Don't worry all of the donors are democratic.

For the last 15 years I have worked in one of the wealthiest zip codes in the nation. I provide computer services. In Montecito California there are a lot of small home offices. I will not name drop but you would clearly recognize some of the clients I have had over the years if I were to disclose.

I have a story that I am going to greatly truncate.

Several years back it came to my attention that some land was about to enter the market. It has a set of mineral hot springs. It produces about 50 million gallons a year on the front range of the San Ysidro Mountains and within 6 miles of the city of Santa Barbara.

Santa Barbara and the Channel Islands has a very long history with the Chumash people dating back over 10,000 years. The Spanish Mission era started at around 1769 when the path to the springs were first noted by Europeans. It is at the point of a young state of California that the present history of the springs took a sharp departure. These springs used for upwards of 10,000 years were shared with a white dying man that likely had heavy metal poisoning from quicksilver (mercury) mining over the mountain. (Mineral thermal water are known for chelating heavy metal toxins.) The man healed and promptly filed a land patent on the springs starting the history of coming to Santa Barbara to take advantage of the clime and it's mineral waters in the area.

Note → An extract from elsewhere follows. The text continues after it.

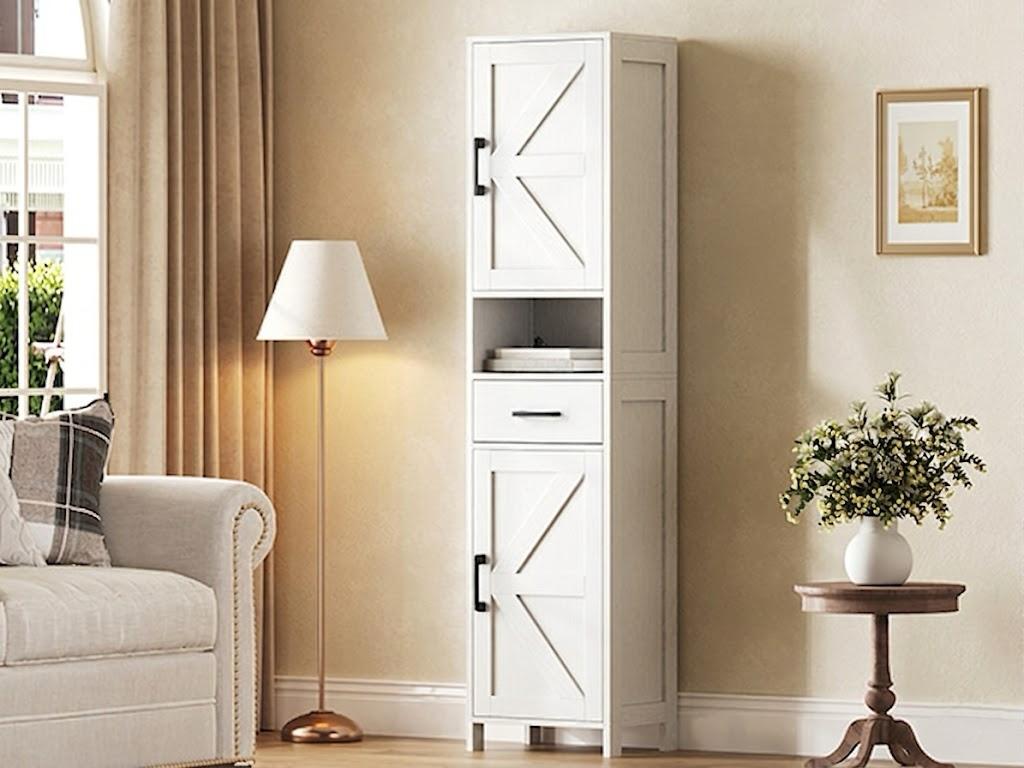 【Back to School】Sweetcrispy Slim Pantry Storage Cabinet, 67" Tall Freestanding Kitchen Cabinet with Drawer and 5-Level Adjustable Shelves, Modern Barn Door Linen Tower for Bathroom, Bedroom, Living Room, White, Storage Organization, Room Storage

Mineral waters throughout the US were respected and revered much like the Roman baths but it reached a peak in America and with the beginning of medical colleges and patented medicines those waters as therapy went into decline. There were a series of hotels from the 1860's all the way to the 1964 Coyote Fire.

In 1897 a set of water rights were wrangled at the springs for the downstream estates in Montecito. In that elaborate set of water rights 50% of the water went to a private water company and the other 50% remained with the land owner to be used for the various soaks and plunges.

When the land came for sale a local land trust organization spearheaded the effort to acquire the land and springs. I learned such an organization is not an environmental or conservation organization but a 'fixer' of properties that have various constraints and might not be fully developable. The outcome might provide some form of tax remedy and might include conservation easements or open spaces. In this case it was to be an outright conveyance to the USFS which has surrounding land.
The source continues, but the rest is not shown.